If Fannie Mae were a normal company, even diehard believers would be bolting for the exits. But it's not. For one thing, it's a top fee payer on Wall Street, and even as its stock price has slid to a four-year low recently, Wall Street analysts have continued to reiterate buy ratings. "Opportunities Abound" was the title of a recent Merrill Lynch report. Citigroup, which recently disclosed that it owns more than 6% of Fannie's stock, has also issued bullish reports. The best (or worst) comes from Lehman Brothers, which earned $75 million in fees in late 2004 when Fannie sold preferred stock to shore up its capital. Analyst Bruce Harting not only has kept his $100 price target on the $59 stock but also defends that target by creating a measure he calls "true" book value, which simply ignores the $9 billion restatement.

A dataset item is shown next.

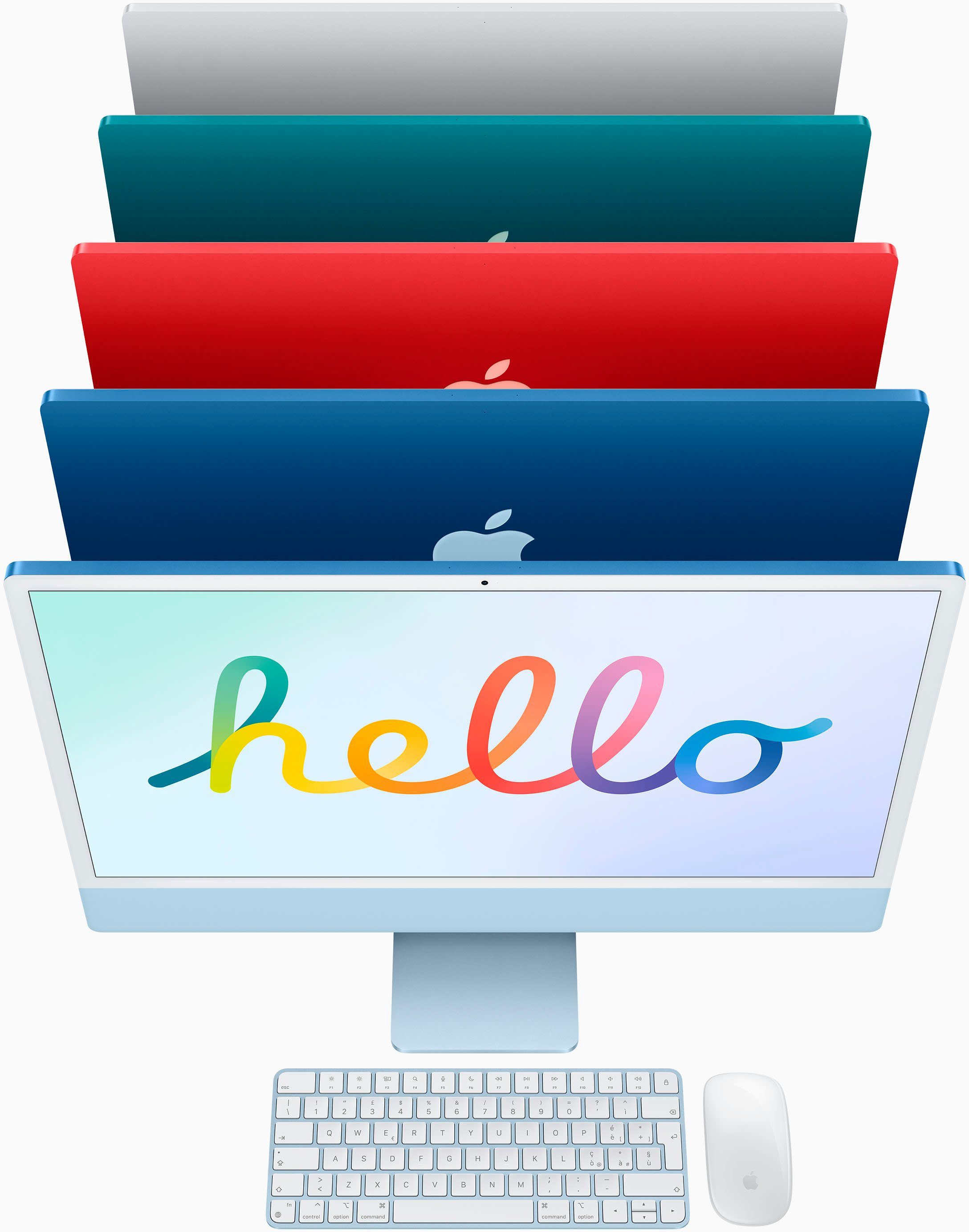 Apple iMac RAM, 256 7-Core Display GPU, iMac mit SSD) rosé 4,5K (24 8 M1, 24" Apple GB Retina Zoll, GB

Credit-rating agencies, which are paid by the companies that they rate--and Fannie Mae is one of the world's largest issuers of debt--are equally supportive. In a recent report, Fitch Ratings defended Fannie's triple-A rating (which is critical to Fannie's business, because it allows the company to borrow money cheaply) in part by citing the "quality of systems used to measure and manage interest rate and credit risk." That flies in the face of OFHEO's contention that Fannie has "internal control deficiencies that it believes raise safety and soundness concerns." Fitch also cited the "assumption of support from the U.S. government that would be provided in the event of severe financial stress" at Fannie. But the U.S. government does not in fact guarantee Fannie's debt, and one of the purported goals of new legislation is to make this clear. "I don't think anything should be too big to fail," says Senator Richard Shelby (R-Alabama).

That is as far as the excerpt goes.